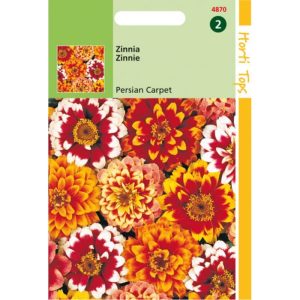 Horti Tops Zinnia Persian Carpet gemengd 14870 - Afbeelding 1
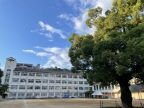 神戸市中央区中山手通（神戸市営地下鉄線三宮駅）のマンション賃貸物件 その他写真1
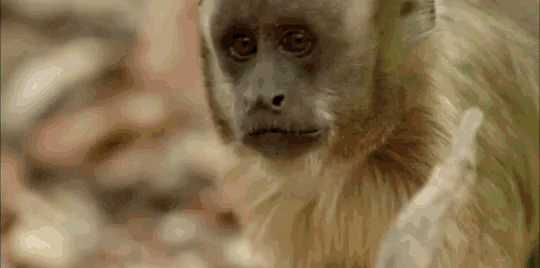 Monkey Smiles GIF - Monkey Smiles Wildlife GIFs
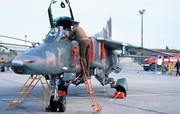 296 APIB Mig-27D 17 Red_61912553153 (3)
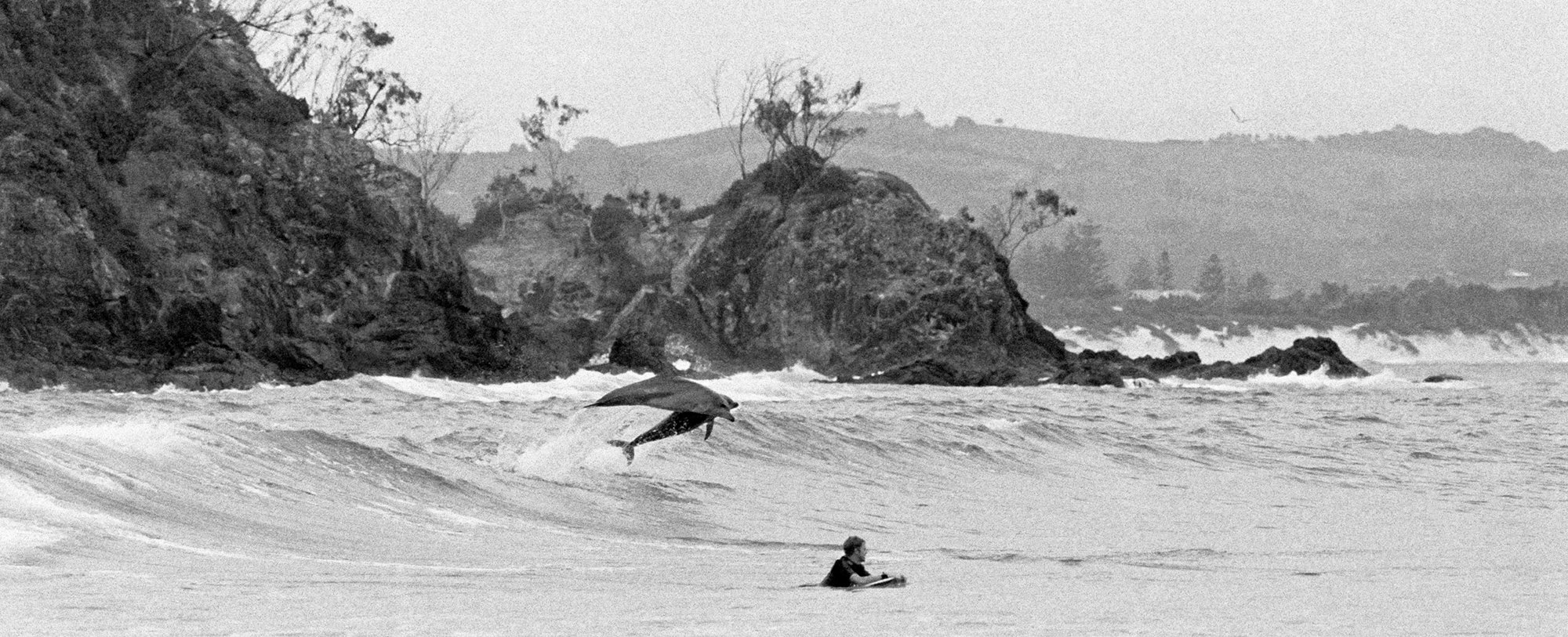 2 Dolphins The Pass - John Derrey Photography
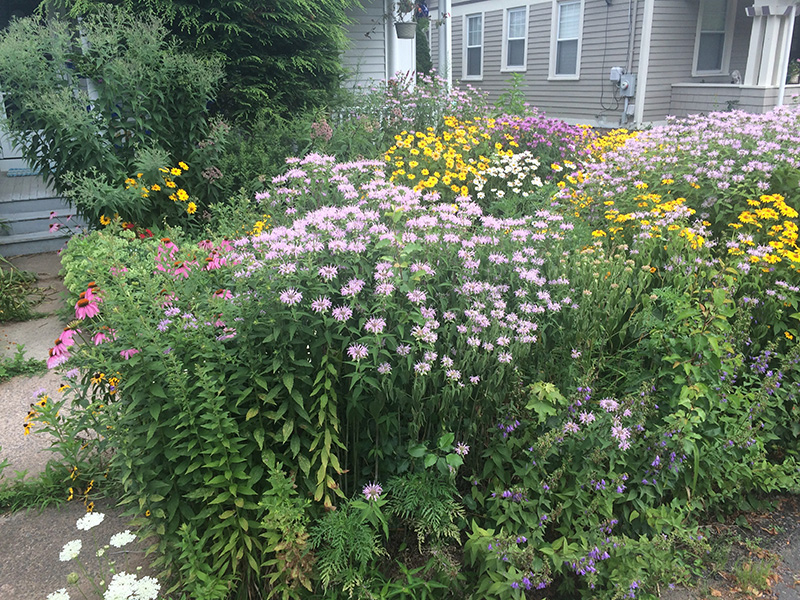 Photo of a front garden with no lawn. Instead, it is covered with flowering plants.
════
▶ [Work instruction]: Write the listing again exactly, duplicating every line and skipping the pictures.

▶ [Result]:
 Horti Tops Zinnia Persian Carpet gemengd 14870 - Afbeelding 1
 神戸市中央区中山手通（神戸市営地下鉄線三宮駅）のマンション賃貸物件 その他写真1
 Monkey Smiles GIF - Monkey Smiles Wildlife GIFs
 296 APIB Mig-27D 17 Red_61912553153 (3)
 2 Dolphins The Pass - John Derrey Photography
 Photo of a front garden with no lawn. Instead, it is covered with flowering plants.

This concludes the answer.